Das Bündnis hält es aber für richtig und notwendig, sich weiter durch Aktionen und Bildungsmaßnahmen gegen Rechtsextremismus und Völkerhass sowie gegen den Missbrauch des Friedhofs zu engagieren. Die Bildungsmaßnahmen konzentrieren sich auf Zeitzeugenberichte von der Kesselschlacht von Halbe, der Grausamkeit des Krieges sowie mit geschichtlichen Führungen durch die zugehörige Freiluftausstellung und über den Friedhof; des Weiteren mit Veranstaltungen am Tag der Befreiung an den örtlichen Ehrenmalen im Schenkenländchen und Beteiligung an den wiederholten Einbettungen von Kriegstoten auf dem Friedhof.

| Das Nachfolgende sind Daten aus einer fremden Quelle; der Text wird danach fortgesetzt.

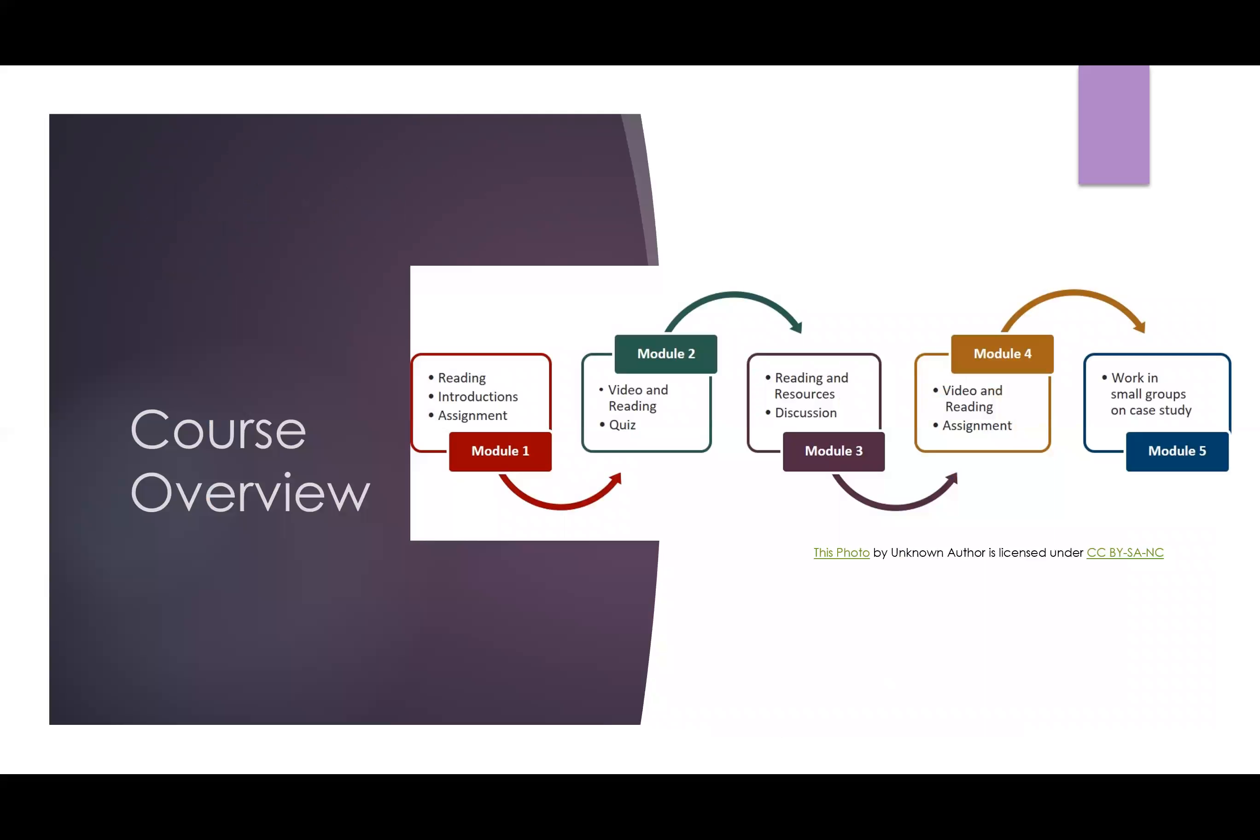A course overview can be a review of the syllabus and the most important points you want students to be aware of. Consider a video in which you walk students through the organization of the course and what they can expect each week. This can really reduce the cognitive load for students entering multiple online courses.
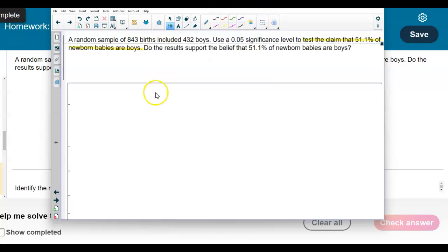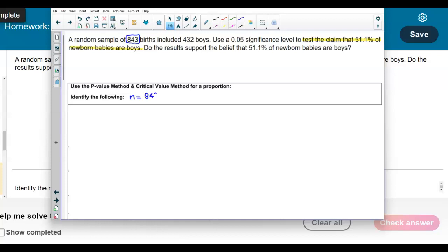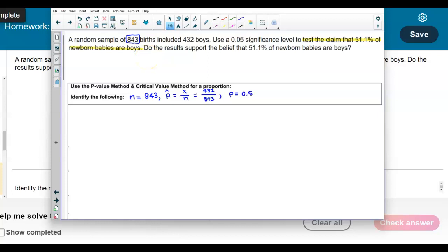Let's identify the key values. We need to decide whether to use the p-value or the critical value method. The sample size is 843 births. The point estimate is x over n, which is 432 divided by 843. The population proportion p is 0.511, since we're testing the claim that 51.1% of newborn babies are boys.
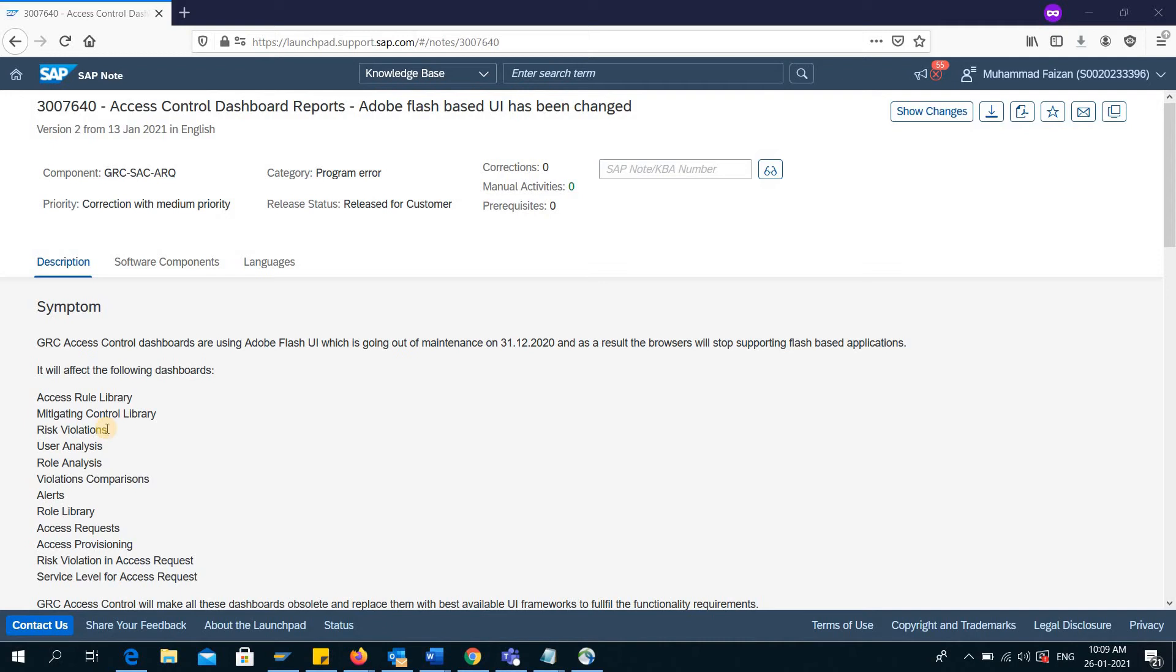Hello and welcome to another video. My name is Mohammed Payzan. As most of you may already know, SAP has stopped support for Adobe Flash starting from December 31st, 2020. Due to that, multiple SAP applications are affected. In this video, I'll be talking about the Access Control dashboards of GRC. I'll show you how they have stopped working with this upgrade.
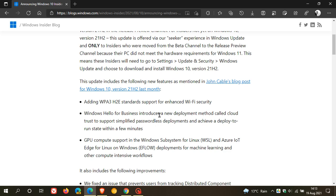GPU compute support in the Windows subsystem for Linux WSL. So you will be getting GPU support in Windows subsystem for Linux as well.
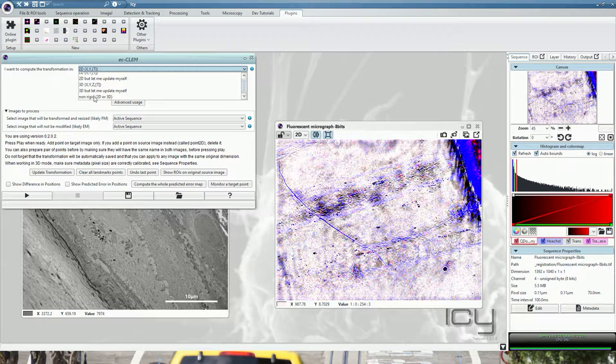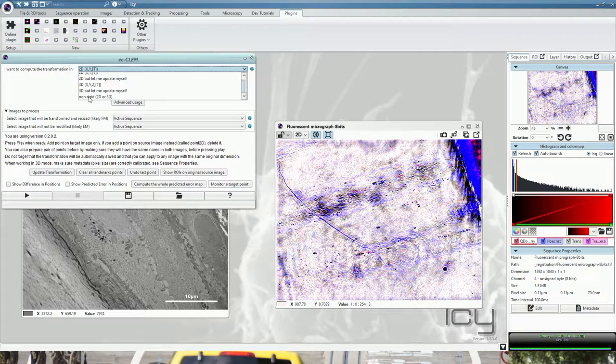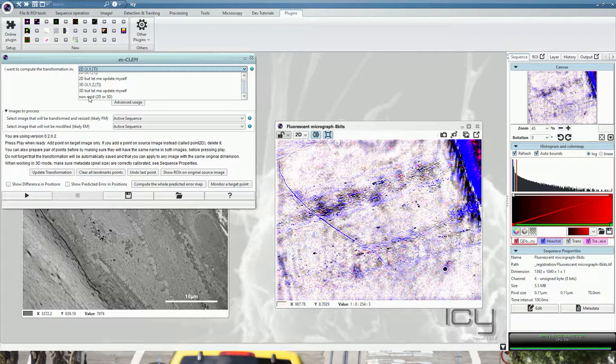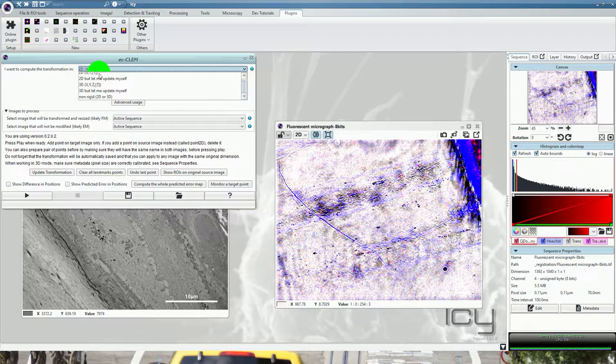Last but not least, you have here the non-rigid 2D or 3D and we will come back to this in a later tutorial. Now, let's start.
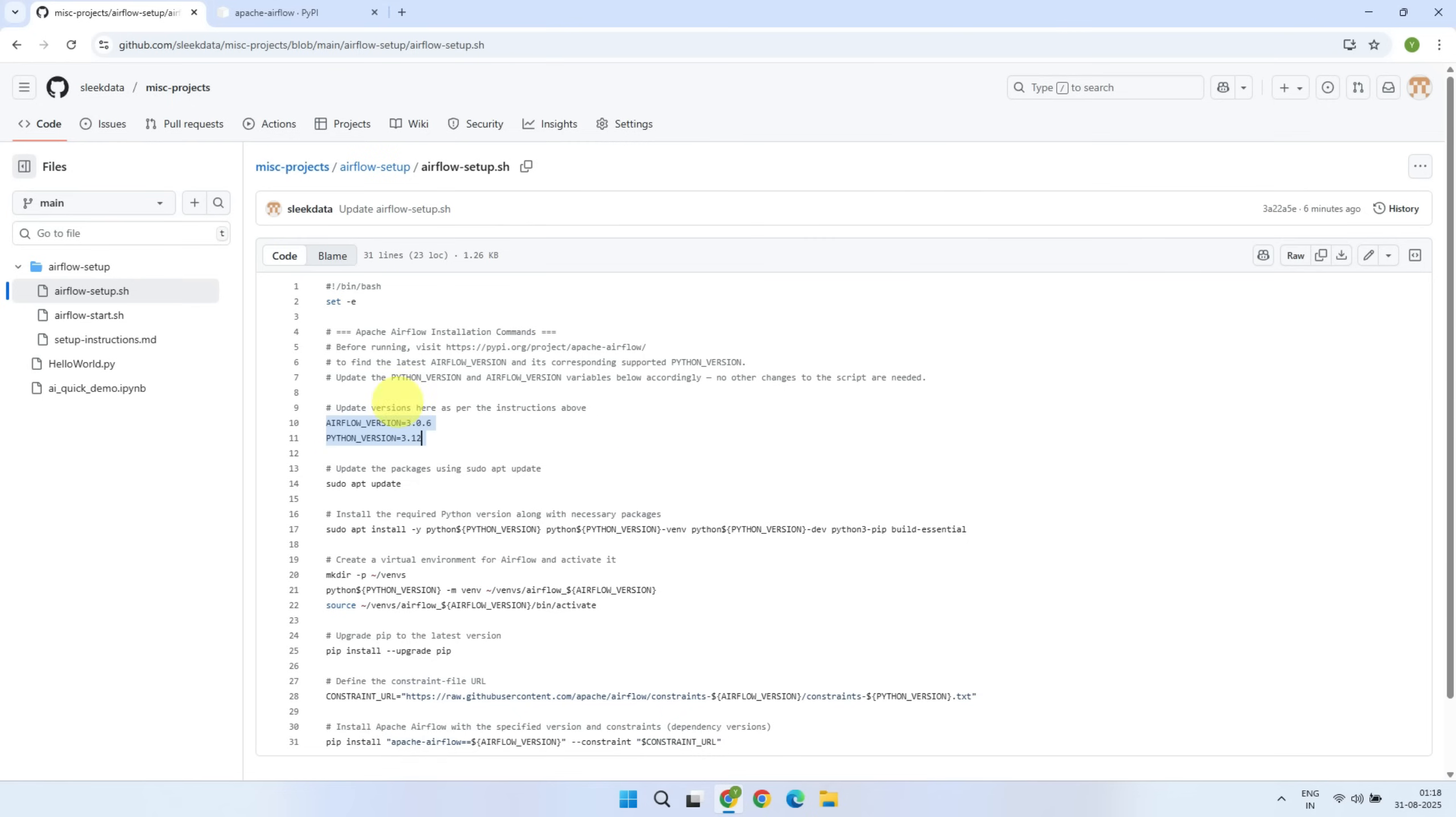I've designed this script such that the version numbers are applied to all the subsequent commands automatically. Now, you could simply save these commands into a script file in your home directory, make it executable, and run everything in one go.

Am Vorabend des Volkstrauertages organisiert das Bündnis jährlich eine dem Tag angemessene politisch, künstlerische Veranstaltung über die nazistische Gewaltherrschaft, den Vernichtungskrieg und Holocaust mit aktuellem Bezug zum Antisemitismus, Rechtsextremismus, Rassismus und Fremdenfeindlichkeit, um auf die gegenwärtige Situation sowie die erneute Kriegsgefahr nachdrücklich aufmerksam zu machen. Den Auftakt bildete 2017 die künstlerische Darstellung, wie das Naziregime die populäre Schlager- und Filmmusik sowie bekannte Künstler der 20er und 30er Jahre für die ideologische Beeinflussung der Bevölkerung und für die Kriegsvorbereitung nutzte.
Die Veranstaltungen finden im restaurierten, historischen Kaiserbahnhof von Halbe statt; die Nutzung des Gebäudes ist dank der Unterstützung des neuseeländischen Eigentümers, Peter Macky, für das Aktionsbündnis kostenlos.